Any other object that should be persistent can be inherited from Storable. Storable's Load and Save methods will automatically find the descendant type's size and store it. The descendant types do not have to write each individual field as they do in Mr. Ladd's program.

Amit J. Patel

Houston, Texas

Graph Decomposition Redux

Dear DDJ,

I read Edward Allburn's article "Graph Decomposition" (January 1991) with some interest. Although my work has nothing to do with graphs, I am fond of algorithms and I also use the Phar Lap DOS Extender with MetaWare's High-C compiler. Mr. Allburn wrote that the most expensive section of the algorithm was in determining if both vertices are already in the same set. A technique for reducing this effort comes readily to mind.

An additional data item will be needed for each element of an array. The size of this item in bits is up to you. More bits will reduce the effort required. (You could either steal some of the high-order bits of each entry, or you could make each entry take more space.)

Each time an adjacency list is created, the additional data items will be set to a given value. This value is based on incrementing a counter modulo 2 to the N where N is the number of bits you have available in the additional udata item.

Whenever an additional element is added, it gets its data item from the list it is being added to. If both vertices have been seen before, you first compare their additional data items. If they are different, then there is no chance that they are currently in the same adjacency list. If they are the same, then you must use your current technique for finding this out. Whenever adjacency lists are merged, you can either set all the combined elements additional data items to a new value, or you can pick one of the lists, and set all of the other entries to the first's value.

This reduces the number of times that you must find out the hard way if two vertices are in the same set. The amount that your effort is reduced is proportional to the number of bits you can allocate for the additional data item. Just four bits would reduce the number of times you would have to work things out the hard way by an order of 1 over 16.

Neal Somos

Seven Hills, Ohio

Dear DDJ,

I was intrigued by Edward Allburn's article "Graph Decomposition" (January 1991). I do not have a sufficient background in graph theory to really follow his argument, so I set myself to the challenge of trying to discover an algorithm which would solve the problem as I understand it.

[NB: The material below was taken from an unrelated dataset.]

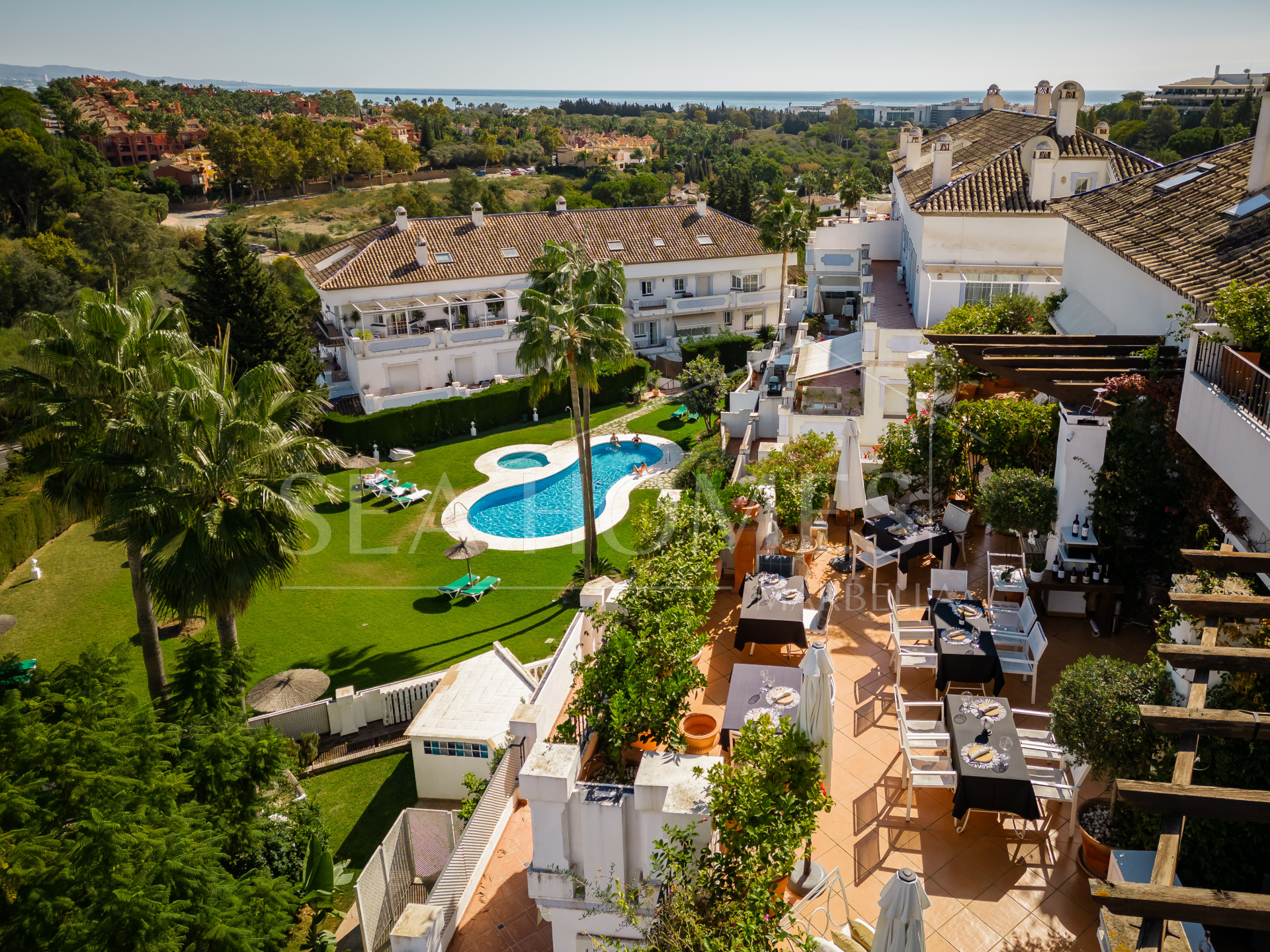 Amazing property with panoramic views!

Given: 1. A set of integers 1..Ncount 2. A set of pairs P(a,b), where a & b are in 1..Ncount. Pcount = number of pairs.

Then:

Assign each element in 1..Ncount to a subset so that all the subsets are disjoint and P(a,b) ==> (a in Subset <==> b in Subset).

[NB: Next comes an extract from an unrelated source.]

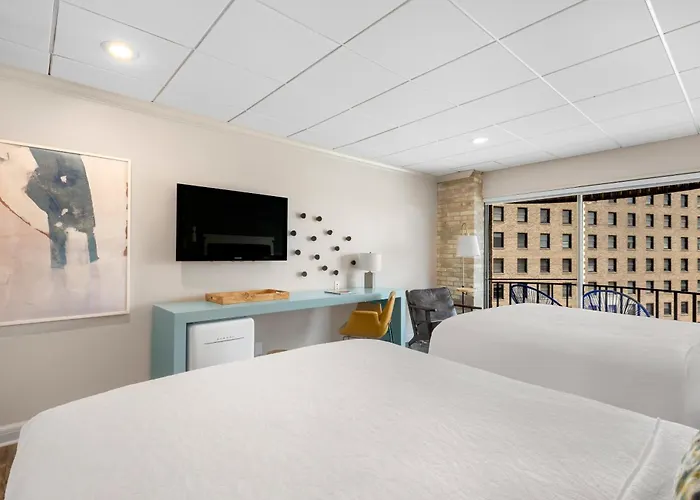 Riverwalk Plaza Hotel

I am a software developer specializing in graphics and calculations for manufacturing and industrial customers. I consider my main strength to be in the area of algorithm design (incidentally, I agree with Mr. Allburn's assessment of Sedgewick). Over the past year, I have worked with a small team which developed a 3-D modeling and rendering package, and alone I developed a time management package for large assembly lines. I got my math training as a physics major, and consequently I'm weak on graph theory.

I'm wondering if Mr. Allburn could take a look at the algorithm that follows. I am really curious to know if my "flash of insight" amounted to anything.

Graph Decomposition II

Let each connected component be referred to by the number of its minimum vertex. In Figure 2c (see DDJ, January 1991, page 90) we have

   component 1 (2,3,5,6)
   component 4 (7,8)
   component 9
   component 10
   component 11 (12)

For each vertex i, let G[i] store the minimum vertex. We want an algorithm to produce G as follows:

    G[1] = 1         G[7] = 4
    G[2] = 1         G[8] = 4
    G[3] = 1         G[9] = 9
    G[4] = 4         G[10] = 10
    G[5] = 1         G[11] = 11
    G[6] = 1        G[12] = 12

Then determining if a path exists between a and b is equivalent to checking if G[a] == G[b]. In pseudocode:

   Step 1: for each i, G[i] = 1
   Step 2: for each pair (a,b)
               find min and max of G[a], G[b]
               G[max] = G[a] = G[b] = min
   Step 3: for each i, G[i] = G[G[i]]

Step 1: Initialize G by marking each i as connected to itself.

Step 2: When a new pair is introduced, we actually have four vertices:

  Two members of the pair: a & b
  Their "minimum" connections (to date) G[a] & G[b]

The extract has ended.